Coverage is enforced after the train/val split, so a rare character can never land in only one split. This makes num_images a floor: a small, bounded number of coverage samples (proportional to the vocab size, not the dataset) is appended on top.
Languages with no fixed small vocab (CJK) are skipped automatically, and very large scripts (thousands of CJK ideographs / Hangul syllables) are left to the real corpus rather than synthesised.
Every synthesised token stays within a single script (a Hebrew character is only ever placed in a Hebrew token, etc.), so each renders with one font. When several languages are generated together, coverage is computed over the union of their vocabs but tokens are never mixed across scripts.
Coverage prefers repeating real corpus words that contain a rare character, so diacritic combinations are linguistically attested. Synthesis is only a fallback for characters absent from the corpus (rare punctuation, currency, capitals in a lower-cased corpus, or marks like Hebrew niqqud that real text omits) - and even then a combining mark is inserted into a real same-script word after a base letter, never rendered alone on a dotted circle.
A character that no available font can render (e.g. ฿ inside a Latin-script vocab) is the one case that cannot be covered - that is a font limitation, reported in the log, not a logic gap.

Detection datasets

Set task="detection" to generate document-like pages with a 4-point polygon for every word, ready for docTR detection training:

config = GenerationConfig.flat(
    task="detection",
    output_dir="detection_dataset",
    num_images=5000,  # = number of pages
    languages=["en", "de"],  # words + fonts resolved automatically
    bg_image_dir="resources/background_images",
    output_jpeg=True,
)
SyntheticDatasetGenerator(config).generate_dataset()

Each split is written as images/ plus a labels.json in the exact docTR format (absolute pixel coordinates):

{
  "00000.jpg": {
    "img_dimensions": [1462, 1056],
    "img_hash": "<sha256 of the image>",
    "polygons": [[[x1, y1], [x2, y2], [x3, y3], [x4, y4]], ...]
  }
}

It reuses the same fonts, ink styling, contrast, backgrounds and degradations as the recognition path.

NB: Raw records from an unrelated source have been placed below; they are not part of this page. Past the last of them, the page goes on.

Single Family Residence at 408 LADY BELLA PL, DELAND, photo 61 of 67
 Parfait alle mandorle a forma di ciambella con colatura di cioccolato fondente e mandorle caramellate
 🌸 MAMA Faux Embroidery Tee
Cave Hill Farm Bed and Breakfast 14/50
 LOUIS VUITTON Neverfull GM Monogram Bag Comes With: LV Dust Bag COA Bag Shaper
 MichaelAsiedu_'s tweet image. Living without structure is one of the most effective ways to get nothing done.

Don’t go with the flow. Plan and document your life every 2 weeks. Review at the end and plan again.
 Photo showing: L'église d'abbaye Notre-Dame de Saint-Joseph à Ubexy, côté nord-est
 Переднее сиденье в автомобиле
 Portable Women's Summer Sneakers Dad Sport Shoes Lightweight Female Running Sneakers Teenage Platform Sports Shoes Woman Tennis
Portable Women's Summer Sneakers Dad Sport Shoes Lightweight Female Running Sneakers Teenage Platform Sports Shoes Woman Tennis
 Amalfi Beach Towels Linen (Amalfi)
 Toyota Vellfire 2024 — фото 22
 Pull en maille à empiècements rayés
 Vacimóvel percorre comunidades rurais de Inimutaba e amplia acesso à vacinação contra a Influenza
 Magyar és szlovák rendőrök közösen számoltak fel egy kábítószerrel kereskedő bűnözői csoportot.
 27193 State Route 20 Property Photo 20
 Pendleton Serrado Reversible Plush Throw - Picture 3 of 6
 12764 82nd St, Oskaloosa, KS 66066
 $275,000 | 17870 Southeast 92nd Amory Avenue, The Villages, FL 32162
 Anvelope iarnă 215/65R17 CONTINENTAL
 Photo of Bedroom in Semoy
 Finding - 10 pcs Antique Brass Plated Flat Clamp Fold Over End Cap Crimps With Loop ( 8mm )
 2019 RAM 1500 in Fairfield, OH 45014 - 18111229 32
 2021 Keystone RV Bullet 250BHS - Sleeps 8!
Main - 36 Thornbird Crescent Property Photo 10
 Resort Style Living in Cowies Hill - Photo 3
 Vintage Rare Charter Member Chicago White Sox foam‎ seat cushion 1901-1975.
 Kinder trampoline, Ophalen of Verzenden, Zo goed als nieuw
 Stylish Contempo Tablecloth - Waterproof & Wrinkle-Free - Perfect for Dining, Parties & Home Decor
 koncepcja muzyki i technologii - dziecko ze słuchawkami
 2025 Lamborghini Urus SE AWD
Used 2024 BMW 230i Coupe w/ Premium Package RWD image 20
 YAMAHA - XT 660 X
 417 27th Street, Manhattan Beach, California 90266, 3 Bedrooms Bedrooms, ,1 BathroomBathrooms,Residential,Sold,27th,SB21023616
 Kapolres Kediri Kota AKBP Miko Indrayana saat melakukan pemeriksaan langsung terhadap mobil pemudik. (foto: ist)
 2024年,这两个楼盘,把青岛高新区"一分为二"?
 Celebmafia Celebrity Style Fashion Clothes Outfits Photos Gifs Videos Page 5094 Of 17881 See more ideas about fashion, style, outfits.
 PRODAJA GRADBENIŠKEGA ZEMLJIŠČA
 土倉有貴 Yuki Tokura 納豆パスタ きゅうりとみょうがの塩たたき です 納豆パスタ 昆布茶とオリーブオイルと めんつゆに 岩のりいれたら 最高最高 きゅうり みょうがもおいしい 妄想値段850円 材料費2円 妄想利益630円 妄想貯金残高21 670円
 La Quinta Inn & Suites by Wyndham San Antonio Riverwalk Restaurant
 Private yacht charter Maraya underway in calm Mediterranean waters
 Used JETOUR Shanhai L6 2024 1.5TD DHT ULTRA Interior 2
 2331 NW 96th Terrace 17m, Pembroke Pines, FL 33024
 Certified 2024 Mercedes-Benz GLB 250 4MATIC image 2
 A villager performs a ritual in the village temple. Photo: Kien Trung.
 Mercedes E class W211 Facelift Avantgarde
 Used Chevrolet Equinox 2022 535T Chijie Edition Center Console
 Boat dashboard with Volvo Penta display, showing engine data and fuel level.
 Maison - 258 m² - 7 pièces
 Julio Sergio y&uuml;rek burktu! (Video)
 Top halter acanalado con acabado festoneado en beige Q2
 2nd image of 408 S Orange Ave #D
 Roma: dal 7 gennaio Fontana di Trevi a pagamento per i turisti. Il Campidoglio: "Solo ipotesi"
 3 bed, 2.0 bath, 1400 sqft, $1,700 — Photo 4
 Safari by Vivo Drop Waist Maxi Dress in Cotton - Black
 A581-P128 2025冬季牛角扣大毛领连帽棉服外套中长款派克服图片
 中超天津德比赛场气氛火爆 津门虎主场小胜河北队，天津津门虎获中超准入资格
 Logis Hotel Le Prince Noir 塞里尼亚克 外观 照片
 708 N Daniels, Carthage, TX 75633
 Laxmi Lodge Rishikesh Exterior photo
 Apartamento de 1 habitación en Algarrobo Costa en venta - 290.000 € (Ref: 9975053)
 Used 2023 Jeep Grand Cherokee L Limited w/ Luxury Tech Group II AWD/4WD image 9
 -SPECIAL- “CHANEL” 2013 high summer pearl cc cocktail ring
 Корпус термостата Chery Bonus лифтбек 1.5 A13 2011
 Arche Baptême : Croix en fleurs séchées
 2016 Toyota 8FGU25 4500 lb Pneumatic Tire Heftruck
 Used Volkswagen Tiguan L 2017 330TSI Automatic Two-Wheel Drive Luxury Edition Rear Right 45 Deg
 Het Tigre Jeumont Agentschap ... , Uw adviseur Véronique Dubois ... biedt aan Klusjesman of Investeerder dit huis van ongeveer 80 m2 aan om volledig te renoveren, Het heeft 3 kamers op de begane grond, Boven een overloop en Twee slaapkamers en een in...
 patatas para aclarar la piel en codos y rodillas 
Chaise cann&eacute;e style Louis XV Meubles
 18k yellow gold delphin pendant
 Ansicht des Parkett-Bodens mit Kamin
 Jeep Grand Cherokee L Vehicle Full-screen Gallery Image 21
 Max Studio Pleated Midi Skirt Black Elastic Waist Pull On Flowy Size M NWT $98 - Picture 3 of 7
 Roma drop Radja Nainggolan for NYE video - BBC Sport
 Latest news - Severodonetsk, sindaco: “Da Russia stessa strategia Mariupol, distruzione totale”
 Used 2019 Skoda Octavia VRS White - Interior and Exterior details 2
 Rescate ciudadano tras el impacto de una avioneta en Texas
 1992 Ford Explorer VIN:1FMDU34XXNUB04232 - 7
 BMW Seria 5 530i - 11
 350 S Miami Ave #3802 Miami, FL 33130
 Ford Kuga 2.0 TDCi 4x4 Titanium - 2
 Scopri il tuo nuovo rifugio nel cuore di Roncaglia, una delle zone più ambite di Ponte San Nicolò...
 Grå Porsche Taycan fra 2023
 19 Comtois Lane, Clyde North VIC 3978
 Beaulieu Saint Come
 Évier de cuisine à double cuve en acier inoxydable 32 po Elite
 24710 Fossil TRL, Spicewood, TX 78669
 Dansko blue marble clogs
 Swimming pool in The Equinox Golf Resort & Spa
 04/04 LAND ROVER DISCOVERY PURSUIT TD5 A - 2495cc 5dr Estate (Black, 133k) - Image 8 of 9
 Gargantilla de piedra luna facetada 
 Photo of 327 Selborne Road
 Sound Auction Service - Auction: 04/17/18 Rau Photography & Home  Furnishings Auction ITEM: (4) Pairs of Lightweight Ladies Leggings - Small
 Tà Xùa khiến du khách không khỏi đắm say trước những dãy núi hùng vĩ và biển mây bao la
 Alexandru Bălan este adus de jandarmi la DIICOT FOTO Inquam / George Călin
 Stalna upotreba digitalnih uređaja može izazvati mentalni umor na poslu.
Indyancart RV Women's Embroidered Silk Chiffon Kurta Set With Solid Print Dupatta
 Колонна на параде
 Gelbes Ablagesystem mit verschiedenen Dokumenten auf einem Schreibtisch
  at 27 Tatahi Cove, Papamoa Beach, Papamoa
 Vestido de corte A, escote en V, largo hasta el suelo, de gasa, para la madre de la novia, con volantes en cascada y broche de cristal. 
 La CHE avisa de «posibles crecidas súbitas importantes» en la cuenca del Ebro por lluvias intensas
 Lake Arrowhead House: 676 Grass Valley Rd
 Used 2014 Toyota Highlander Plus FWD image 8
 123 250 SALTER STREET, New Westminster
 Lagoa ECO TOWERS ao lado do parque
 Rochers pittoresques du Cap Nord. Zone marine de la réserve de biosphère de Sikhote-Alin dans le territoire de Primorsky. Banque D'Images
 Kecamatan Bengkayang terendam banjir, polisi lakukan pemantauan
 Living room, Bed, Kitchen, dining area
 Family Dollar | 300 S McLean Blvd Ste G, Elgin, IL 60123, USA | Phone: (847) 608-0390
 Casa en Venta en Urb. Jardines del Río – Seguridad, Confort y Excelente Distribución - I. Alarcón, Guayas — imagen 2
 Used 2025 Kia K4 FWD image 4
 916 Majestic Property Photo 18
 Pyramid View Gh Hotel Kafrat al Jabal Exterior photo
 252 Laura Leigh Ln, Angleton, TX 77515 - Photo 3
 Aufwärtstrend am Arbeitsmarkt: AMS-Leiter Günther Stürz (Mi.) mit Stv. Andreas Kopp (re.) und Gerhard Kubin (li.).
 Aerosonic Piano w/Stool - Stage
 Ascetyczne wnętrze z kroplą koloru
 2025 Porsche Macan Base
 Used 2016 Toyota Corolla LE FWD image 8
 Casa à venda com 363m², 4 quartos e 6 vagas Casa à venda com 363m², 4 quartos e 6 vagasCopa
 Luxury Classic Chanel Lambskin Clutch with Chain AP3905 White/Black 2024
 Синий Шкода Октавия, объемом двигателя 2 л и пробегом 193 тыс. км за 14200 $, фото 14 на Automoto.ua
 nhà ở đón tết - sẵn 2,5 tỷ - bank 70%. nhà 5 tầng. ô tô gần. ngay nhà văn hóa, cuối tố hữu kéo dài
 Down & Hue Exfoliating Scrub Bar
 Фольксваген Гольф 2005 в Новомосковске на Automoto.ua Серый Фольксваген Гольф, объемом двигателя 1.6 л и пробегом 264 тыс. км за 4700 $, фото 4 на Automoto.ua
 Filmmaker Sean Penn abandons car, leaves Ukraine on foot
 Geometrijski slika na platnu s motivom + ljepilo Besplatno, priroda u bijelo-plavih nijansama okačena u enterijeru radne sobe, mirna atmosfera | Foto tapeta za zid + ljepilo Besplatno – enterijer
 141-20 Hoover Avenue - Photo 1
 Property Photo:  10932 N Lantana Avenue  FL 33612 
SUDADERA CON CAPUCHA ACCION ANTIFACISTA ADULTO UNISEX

Pages are filled top-to-bottom by the available vertical space (word count varies naturally with font size), and words are recycled as needed so a page always fills regardless of how many candidate words it is given.

Real-world layouts

To better mimic real documents, the layout is chosen per page via det_layout:

"paragraph" - multi-block running text with headings and indents.
"newspaper" - a full-width masthead with a double rule and a dateline, then several narrow columns separated by vertical rules, each with article headlines, bylines and small, tightly-leaded body text (~500-1100 words on an A4-ish page). Tune density with det_newspaper_columns_range (default (3, 6), clamped to the page width), det_newspaper_font_size_range (default (9, 15)) and det_newspaper_line_spacing_range (default (1.05, 1.2)).
"form" - a title with a header rule, then Label: / value rows with either underlines or boxed fields, shaded section-header bars, and occasional checkbox rows.
"id_card" - a card with a coloured issuing-authority header band (emblem + light title text), a photo placeholder, labelled field rows, a signature line and MRZ-style lines. Mirrors fully for right-to-left scripts.
"mixed" (default) - a weighted blend of the above; tune via det_layout_weights (e.g. {"paragraph": 0.4, "newspaper": 0.25, "form": 0.2, "id_card": 0.15}).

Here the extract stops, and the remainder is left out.